There should also be considered, however, the effect to be given the provision, applicable both in respect of the coverage described in the basic document and that afforded by the contractual liability coverage endorsement, that excludes "injury or destruction of work completed by or for the named insured, out of which the accident arises." This exclusionary provision is said now to be in common use in contractors' liability policies and it appears not to have been directly considered by any of our courts. It has, however, been examined in other jurisdictions where it has been generally accorded the meaning attributed to it by Wausau.
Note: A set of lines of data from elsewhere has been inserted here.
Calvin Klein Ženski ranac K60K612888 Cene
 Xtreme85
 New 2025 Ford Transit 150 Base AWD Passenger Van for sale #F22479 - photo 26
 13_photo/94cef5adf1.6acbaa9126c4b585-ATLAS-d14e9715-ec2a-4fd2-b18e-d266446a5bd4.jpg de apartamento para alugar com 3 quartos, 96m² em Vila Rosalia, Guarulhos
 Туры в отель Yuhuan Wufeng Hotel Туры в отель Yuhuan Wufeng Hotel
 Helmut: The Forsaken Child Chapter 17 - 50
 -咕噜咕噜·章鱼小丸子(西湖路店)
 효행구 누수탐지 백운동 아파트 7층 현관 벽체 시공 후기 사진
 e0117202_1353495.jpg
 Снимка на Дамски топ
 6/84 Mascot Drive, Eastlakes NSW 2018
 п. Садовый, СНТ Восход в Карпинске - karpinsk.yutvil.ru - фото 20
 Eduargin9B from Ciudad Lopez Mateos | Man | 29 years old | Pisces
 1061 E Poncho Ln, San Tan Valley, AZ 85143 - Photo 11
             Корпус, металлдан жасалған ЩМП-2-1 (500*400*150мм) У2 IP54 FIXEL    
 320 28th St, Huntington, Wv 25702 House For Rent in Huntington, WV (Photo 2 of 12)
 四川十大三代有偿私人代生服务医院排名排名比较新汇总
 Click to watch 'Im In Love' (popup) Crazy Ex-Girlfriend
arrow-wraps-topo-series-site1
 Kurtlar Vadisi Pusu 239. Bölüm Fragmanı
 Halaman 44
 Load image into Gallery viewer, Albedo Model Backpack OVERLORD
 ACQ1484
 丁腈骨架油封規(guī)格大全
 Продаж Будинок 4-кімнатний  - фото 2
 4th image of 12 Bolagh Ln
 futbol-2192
The identical provision was before the California District Court of Appeal in Liberty Building Co. v. Royal Indemnity Co., 177 Cal.App.2d 583, 2 Cal.Rptr. 329 (1960). Plaintiff had constructed dwellings which thereafter in certain respects proved defective. The persons who had purchased the dwellings presented claims to the plaintiff and started suits. Plaintiff called upon the defendant for indemnification against liability and to provide a defense to the lawsuits. The latter refused. In sustaining the carrier's position the court said,

This Exclusion means that if the insured becomes liable to replace or repair any "goods or products" or "premises alienated" or "work completed" after the same has caused an accident because of a defective condition, the cost of such replacement or repair is not recoverable under the policy. However, if the accident also caused damage to some other property or caused personal injury, the insured's liability for such damage or injury becomes a liability of the insurer under the policy, and is not excluded. For example, if a contractor builds a house and as a result of an improper mixture of the stucco, water is absorbed into the walls and the stucco cracks and falls off and a child is injured by the falling stucco, the injury to the child would not be excluded under Exclusion (f) but the replacement cost of the stucco would be excluded. Also, if the water absorbed into the walls should reach the interior walls and injure a valuable painting hanging there, the damage to the painting would be recoverable under the policy while the damage to the walls would not."

In Kendall Plumbing, Inc. v. St. Paul Mercury Ins. Co., 189 Kan. 528, 370 P.2d 396 (Sup.Ct. 1962) a similar issue was presented. Plaintiff had installed a complete heating and air conditioning system in an office building. Because of defective installation a part of the system sustained damage and had to be replaced. Defendant disclaimed responsibility under a policy which insured the plaintiff against property damage but contained a provision excluding from coverage damage or destruction of "[a]ny goods or products manufactured, sold, handled, or distributed by the Insured or work completed by or for the Insured out of which the accident arises." The court sustained the position of the carrier, holding that the damage came within the exclusion as having occurred with respect to work completed by the insured. The court went on to point out that the language of the exclusion was clear and unambiguous.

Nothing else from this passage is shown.